The manifest above already includes the settings that matter most for log storage. Rationale and additional options:

| Setting | Recommendation | Why |
|---------|----------------|-----|
| `asynchronous_metric_log/ttl`, `metric_log/ttl`, `trace_log/ttl` | 7-day `DELETE` TTL | Self-observability system tables grow indefinitely by default and will eventually fill the data volume |
| `default/max_execution_time` | 120 seconds | Prevents a single slow query from starving ingestion on a small cluster |
| `default/allow_unrestricted_reads_from_keeper` | `1` (optional) | Allows broad `system.zookeeper` reads for troubleshooting; low risk |
| `default/max_parallel_replicas` | Match replica count (optional) | Can accelerate reads on a single-shard, multi-replica layout |
| Table TTLs on log tables | Per-category retention (e.g. `event_date + INTERVAL 7 DAY DELETE`) | Retention is the primary capacity control for log data |
| Quotas (`interval/duration`, `interval/queries`) | Optional guardrail | Caps runaway query volume per user |

Constraints and trade-offs of the embedded topology:

- Keeper shares CPU, memory, and disk I/O with the ClickHouse server. Size the Pod resources for both, and keep the Keeper data path (`/var/lib/clickhouse-keeper`) on the same persistent volume.
- Replica count and quorum size are coupled. Do not scale replicas to an even number or below 3, and keep `REPLICAS_COUNT` in the init container in sync with the layout.
- Rolling restarts restart Keeper members together with ClickHouse. The default `maxUnavailable` behavior of the operator (one host at a time) keeps the quorum alive; do not force parallel restarts.
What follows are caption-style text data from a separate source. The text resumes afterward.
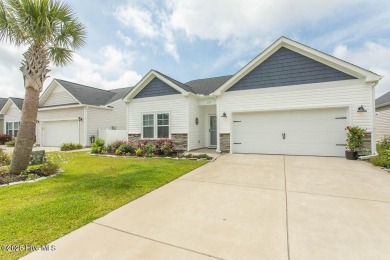 Upgrades galore in this beautiful 4BR/2BA home in the quaint on Ocean Ridge Plantation in North Carolina - for sale on GolfHomes.com, golf home, golf lot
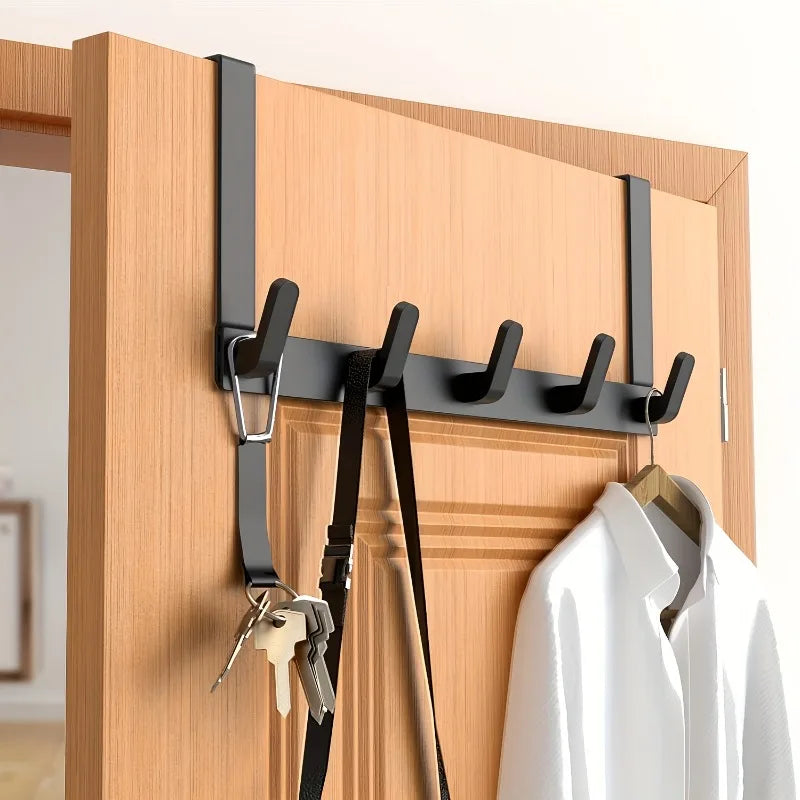 Doorvia black hook rack on a wooden door with coats and keys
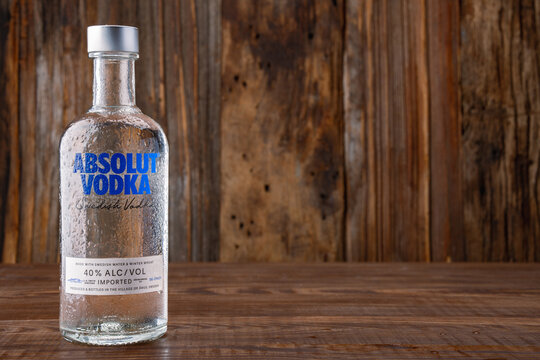 Bottle of Swedish vodka on wooden table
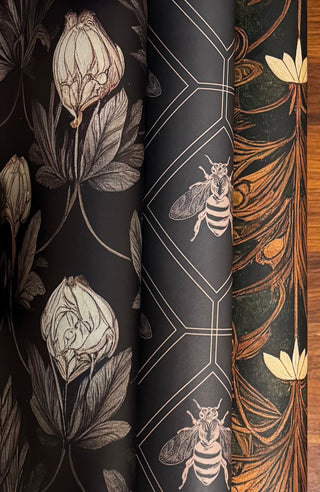 Rolled sheets of floral vintage drawer liners featuring bees and botanical patterns in deep tones.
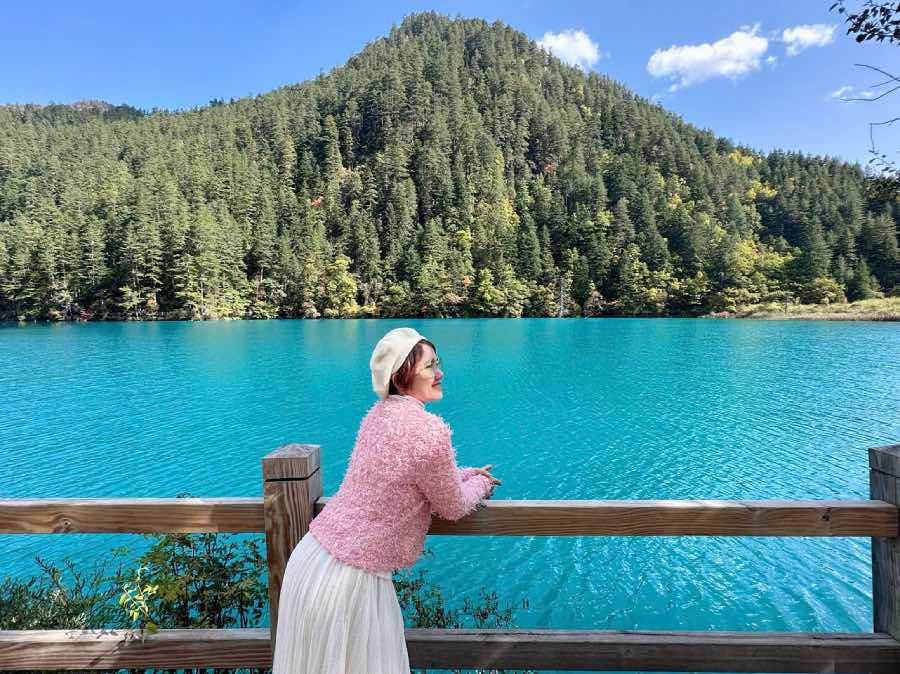 Tourists enjoy being creative while standing by the lake.jpg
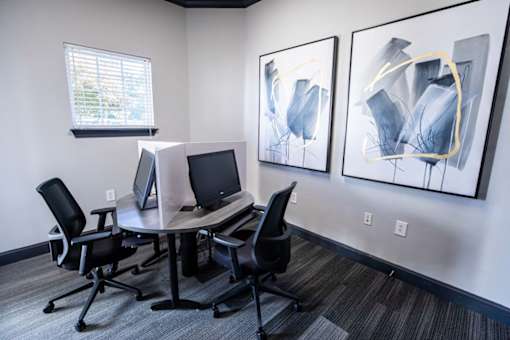 A room with a table, chairs and two computers.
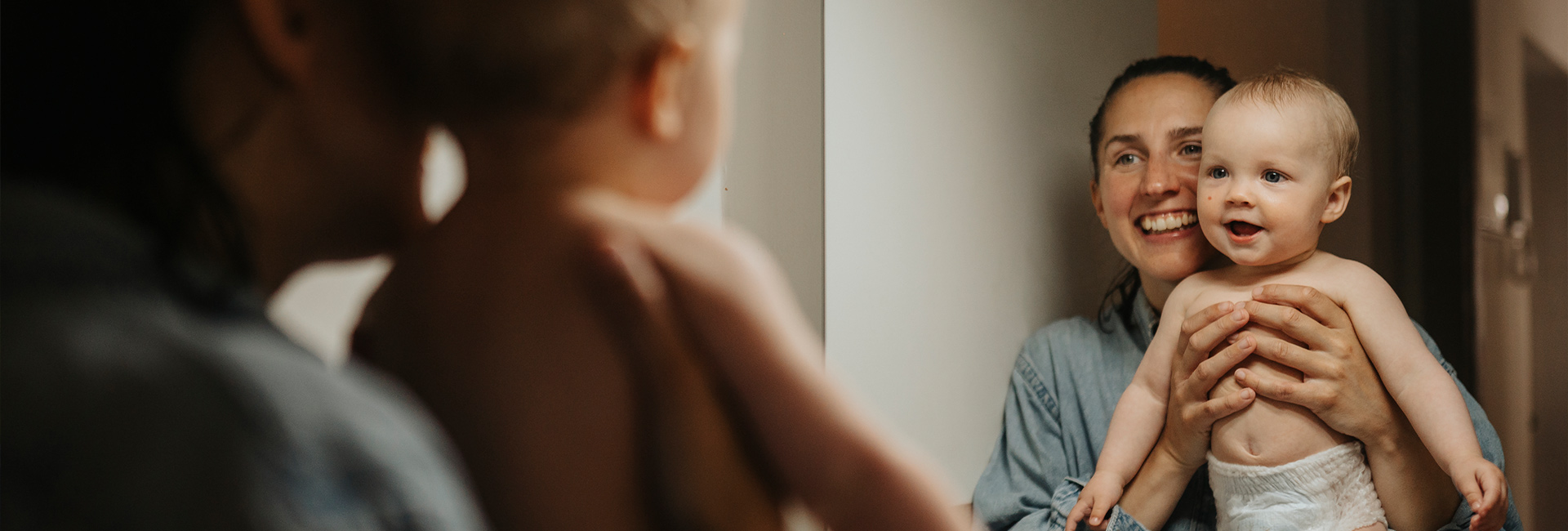 Baby and mother in mirror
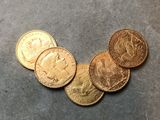 plusieurs pièces d'or posées les unes à côté des autres sur une table
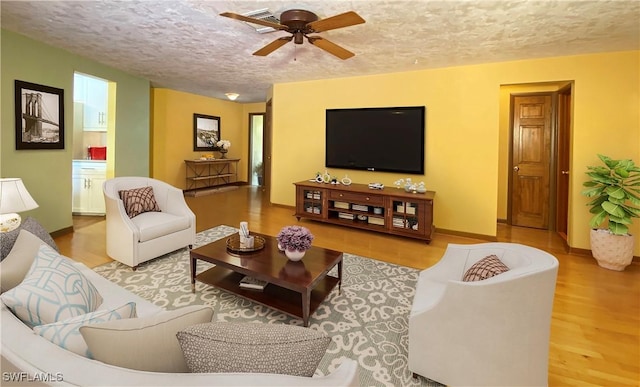 living room with ceiling fan, light hardwood / wood-style flooring, and a textured ceiling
If you need Keeper and ClickHouse to scale independently, or you run many ClickHouse installations against a shared coordination service, deploy a standalone 3-node Keeper (or ZooKeeper) StatefulSet instead and point `spec.configuration.zookeeper.nodes` at it; everything else in this document stays the same.